A man walks on a foggy path

by Simon Graves

To paraphrase Tom Jones, it’s not unusual to switch careers, and certainly far from strange for teachers to switch allegiance to the ‘dark side’ of the corporate world. In fact, according to a recent poll by the National Education Union (NEU), 18% of teachers “expect to leave the classroom in less than two years”, with that figure doubling by 2024.

I reached the top of my profession, experienced great success as a headteacher in a fabulous international school, and as a senior leader in other schools across the UK. But I’d also experienced the massive rate of change, unrealistic expectations – educationally and financially – and immense pressure being piled daily upon my shoulders. I’d seen the impact it had on my wife and young children, and on my own wellbeing.

It simply wasn’t worth it.

Beginning work as a Performance Development Manager at PDW Group has been eye-opening in numerous ways, and all of them positive.
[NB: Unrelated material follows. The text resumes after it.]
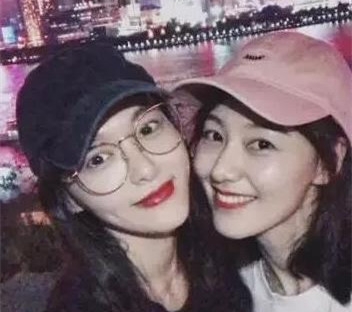 唐嫣婚礼伴娘曝光 疑似是东方卫视主持人王冠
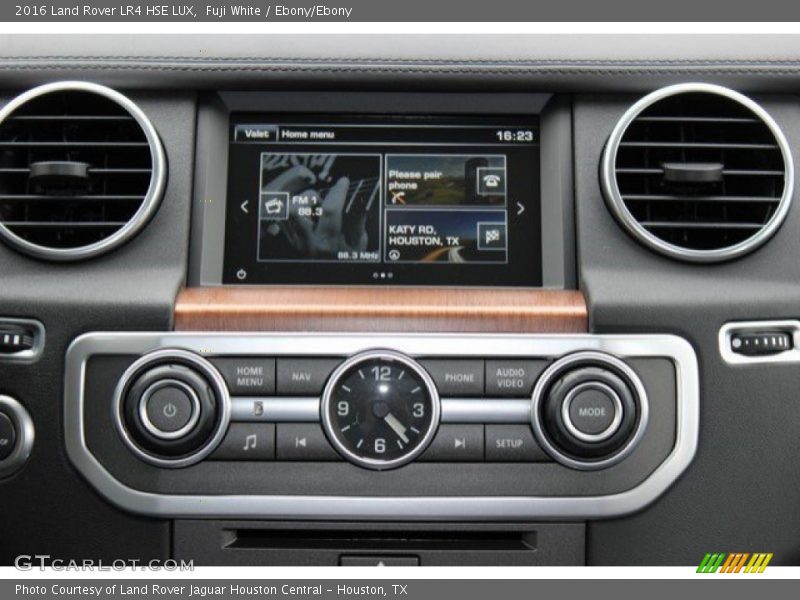 Fuji White / Ebony/Ebony 2016 Land Rover LR4 HSE LUX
There are preconceptions that I’ve always had about the private sector and, although I’m under no illusion that where I now work is unique and special, the comparison with the world of education is stark:

  • The team ethos is far stronger than anything I’ve ever experienced in any of the schools I worked in;
  • People genuinely come first – in schools, the figures, the judgements, the grades top all else;
  • Targets are of course financial, yet they are sensible whilst remaining aspirational, and solutions discussed as a team if they are out. In a school, the financial targets are still there, but are completely beyond the control of the people making the decisions on the ground;
  • A culture of blame permeates education from government down and from parents and children up, mercilessly squeezing the professionals trying to move it forward. Here at PDW there is no such culture. We live and work by our core values: Be Brave, Be Generous, Be Great, Be Human, Be There.

Today was the first day in over 20 years I’d left for work during a half term holiday (besides revision classes and school trips) and, although there was a twinge of regret at missing out on family activities, I set off with none of the sense of dread or trepidation that I’d been feeling in my latter days in schools.

It’s early days, and some days will be tougher than others, but I know I’ve made the right choice. My next challenge is showing everyone at PDW, and all of our clients – current and future – that they’ve made the right choice too!